Adottando la procedura suggerita dallo standard CEN 1005-2 e riassunta nella Tabella 1, è possibile diversificare i pesi di riferimento e, di conseguenza, salvaguardare allo stesso modo la stessa proporzione di popolazione (almeno il 90%, secondo altre norme tecniche europee) sia essa composta da maschi e femmine adulte, da adolescenti o da anziani.

Stabiliti i pesi ideali, ponendo ora l’attenzione ai fattori demoltiplicativi previsti, essi possono assumere valori compresi tra 0 ed 1.

Quando l’elemento di rischio potenziale corrisponde ad una condizione ottimale, il relativo fattore assume il valore di 1 e pertanto non porta ad alcun decremento del peso ideale iniziale.

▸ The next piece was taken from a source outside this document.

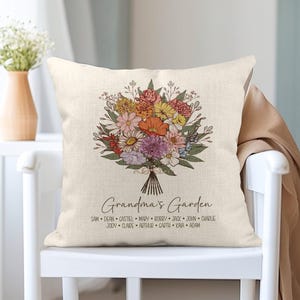 Grandma Pillow with Grandkids, Grandmas Garden Pillow, Grandchildren Pillow, Birthday Gifts for Grandma, Birth Flower Pillow, Grandma Gift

Quando l’elemento di rischio è presente, discostandosi dalla condizione ottimale, il relativo fattore assume un valore inferiore a 1; esso risulta tanto più piccolo quanto maggiore è l’allontanamento dalla relativa condizione ottimale: in tal caso il peso iniziale ideale diminuisce di conseguenza.

In taluni casi l’elemento di rischio è considerato estremo: il relativo fattore viene posto uguale a 0 significando che si è in una condizione di inadeguatezza assoluta per via di quello specifico elemento di rischio.

In sintesi l’adozione del citato standard europeo (EN 1005-2) comporta l’uso della nota procedura NIOSH (1993) tale e quale per quanto riguarda i fattori di demoltiplicazione (che corrispondono ai principali, anche se non a tutti, gli elementi di rischio lavorativo, citati nell’allegato XXXIII), partendo tuttavia da pesi “ideali” diversificati per sesso ed età e livello di protezione potenzialmente assicurato.

Tabella 1: Costanti di peso e percentuali di accettabilità nella popolazione generale e lavorativa (da EN 1005-2)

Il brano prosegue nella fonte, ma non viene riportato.